藤浪、407日ぶり勝った!

藤浪が、勝利を飾った。誰もがこの日を待っていた。勝利の瞬間、藤浪はベンチで何度もハイタッチをかわした。杜の都で笑みがはじけた。チームの連敗を2でストップし、3位へ浮上。

「勝ちがつくというのは、個人的にすごくうれしいことですし、気持ちも楽になるので、次以降につなげられるようにしたいと思います」
雨が降り続けたなか、藤浪が躍動した。150キロを超える直球と、切れ味鋭いスライダー、フォークボールで打者を打ち取っていった。6回1/3を、4安打9三振、無失点の力投。球数は108、3四球だった。
「もう少し粘りたかった。うれしい気持ちと、悔しい気持ちで複雑です」
と話した。今季初勝利となった白星は、じつに昨年5月4日のヤクルト戦以来。ようやく長いトンネルを抜けた。
「いろんな方に、勝ちをつけてもらった。次は、自分がチームを助けるように一生懸命頑張りたい」

岩崎、桑原と、小刻みにつなぎ、能見と、球児のベテランリレーが実現した。円熟味ある左右のベテランが8、9回を無失点に抑え、先発した藤浪の今季初白星を後押しした。8回を任された能見は、
「点差も(3点)あったので、1人ずつ行こうと思った」
と、冷静に振り返り、最終回にマウンドに上がった球児は、
「勝てば、なんでもいいです」
と、笑顔。

「内容が良くても、感傷に浸るようなことはないかなと思います。久しぶりだな、ぐらいで…」
今季初勝利の藤浪に、金本監督は、
「チームとしても、ひと安心ですし、本人はどうやろう。
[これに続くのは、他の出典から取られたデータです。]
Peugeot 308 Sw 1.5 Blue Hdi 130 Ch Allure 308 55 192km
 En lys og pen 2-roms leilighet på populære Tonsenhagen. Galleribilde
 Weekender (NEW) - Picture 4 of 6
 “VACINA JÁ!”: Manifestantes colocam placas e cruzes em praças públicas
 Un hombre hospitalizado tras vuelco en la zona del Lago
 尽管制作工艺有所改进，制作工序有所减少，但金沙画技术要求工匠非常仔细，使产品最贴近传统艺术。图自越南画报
うれし恥ずかしかな。彼の力からすれば、うれし恥ずかしでしょうね」
と、心中を思いやった。

今季初の3番起用の中谷、V弾。
「晋太郎、頑張ってた」
一振りで仕留めきった、先制の3号2ラン。6回一死二塁、外角高めにきた135キロ直球を振り抜いた。打球は左翼奥にある観覧車に向かって伸びた。左翼スタンドに着弾するのを確認すると、一塁ベースをまわったところで何度も両手をたたいて喜びを爆発させた。
「なかなかとらえきれない状況が続いていたところで、甘くなったボールを、しっかり自分のスイングで仕留めることができました」
金本監督も、思わずうなった勝負を決める一撃だった。

※ ナバーロ獲得、発表。シュアな打撃が、ウリだ。近日中来日、29日にもデビュー予定。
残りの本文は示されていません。